Antonio Ascari began racing cars at the top levels in Italy, using a modified 1914 Fiat. Along with Enzo Ferrari, he raced in the first Targa Florio held after the end of World War I in 1919, but did not finish after crashing. In 1922 he finished a strong fourth. Driving an Alfa Romeo, in April 1923, he narrowly lost the Targa Florio, finishing second to his Alfa Romeo teammate, Ugo Sivocci, the following month at the Cremona Circuit he drove to his first major Grand Prix victory. In 1924 won at Cremona in the first race of the P2, then went on to Monza where he won the Italian Grand Prix. In 1925 his car dominating the competition at the Circuit de Spa-Francorchamps when he won the inaugural Belgian Grand Prix.

At age 36 Ascari was killed while leading the 1925 French Grand Prix in an Alfa Romeo P2 in the first race at the new Autodrome de Montlhéry south of Paris. He crashed and died of his injuries on his way to hospital in Paris. He left behind a seven-year-old son, Alberto Ascari, Alberto Ascari would have a grat Formula One Championship career, driving for Ferrari, Maserati and Lancia between 1950 – 1955. with 32 starts, 2 championships (1952, 1953), 13 wins and 17 podiums.
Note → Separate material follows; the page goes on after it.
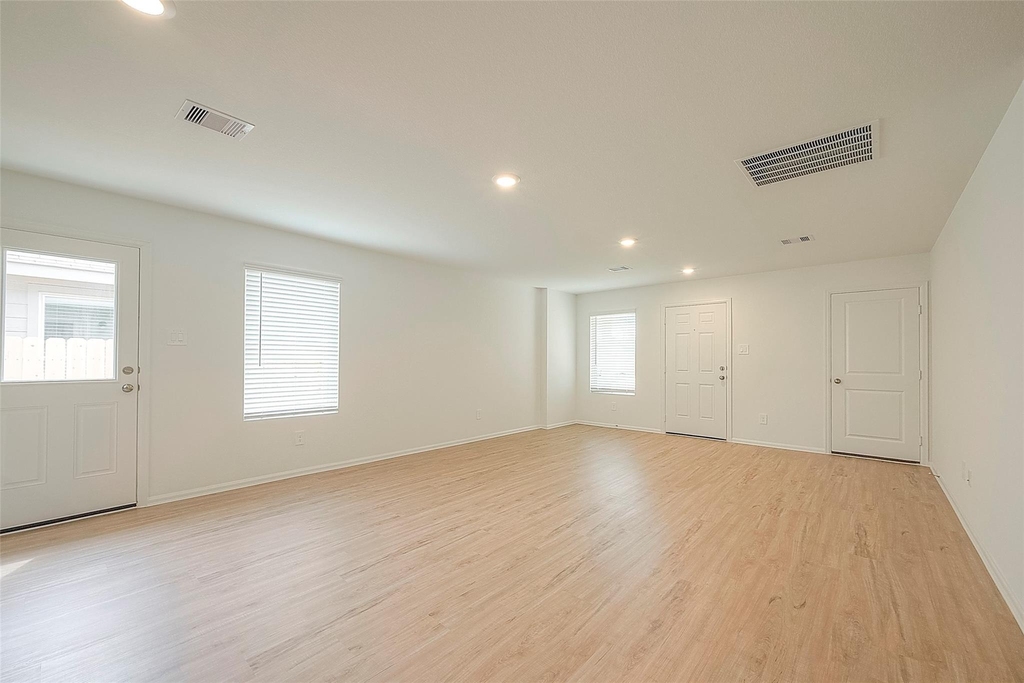 1491 Las Cuevas Drive - Photo 5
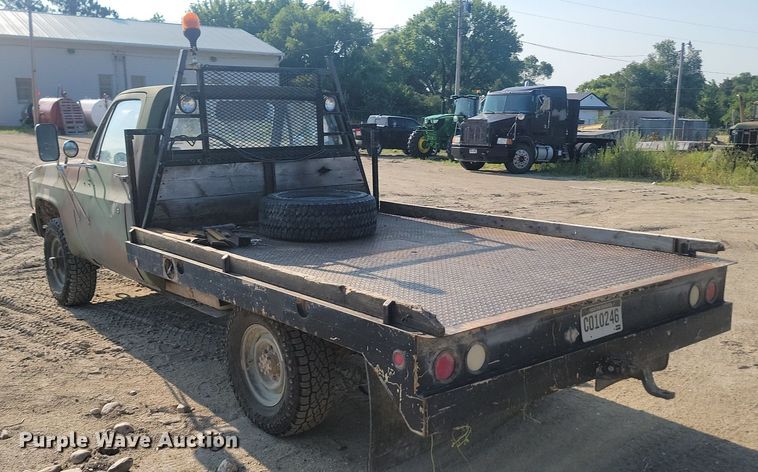 image for item OD9577 1987 Chevrolet D30 flatbed pickup truck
In 1955 at age 36, Alberto Ascari’s crash on the Monza Eni Circuit when he test drove a Ferrari 750 Monza, he went to Monza to watch his friend Eugenio Castellotti test a Ferrari 750 Monza. They were to co-drive the car in the Monza race, Ascari was not supposed to drive that day but decided to try a few laps. As he emerged from a fast curve on the third lap the car inexplicably skidded, turned on its nose and somersaulted twice. Thrown out onto the track, Ascari suffered multiple injuries and died.
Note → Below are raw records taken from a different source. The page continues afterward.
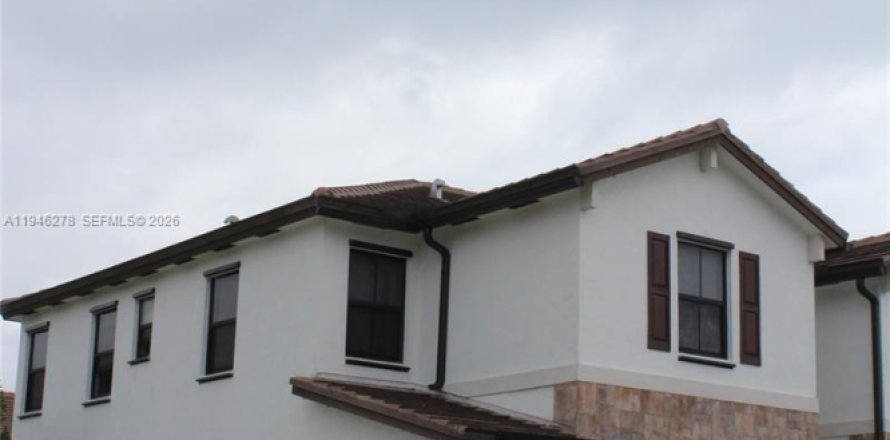 Дом в Хайалиа, Флорида 3 спальни, 143.07м2 № 2061359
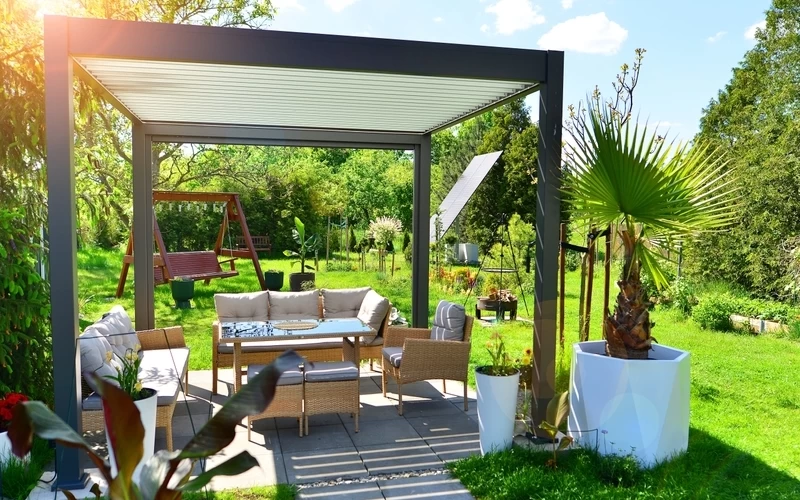 Otomatik Pergola Sistemleri ile Teras ve Bahçe Konforu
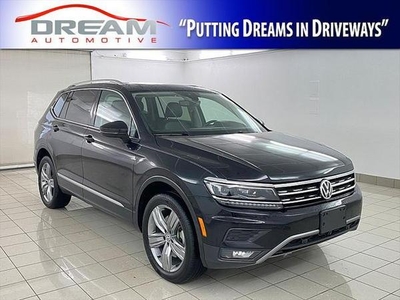 2018 Volkswagen Tiguan for Sale in Canton, Michigan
There were several similarities between the deaths of Alberto and his father. Alberto Ascari died on 26 May 1955, at the age of 36. Antonio Ascari was also 36 when he died, on 26 July 1925. Both were killed four days after surviving serious accidents and on the 26th day of the month. Both had crashed fatally at the exit of fast left-hand corners and both left behind a wife and two children. Also, both had won 13 championship Grands Prix. Another curiosity related to Alberto’s death is that the only other driver to crash into the harbour at Monaco in the circuit’s history, Paul Hawkins, also died on 26 May. Hawkins crashed into the harbour 10 years after Ascari, before dying when his Lola crashed into a tree at a Tourist Trophy race at Oulton Park in 1969.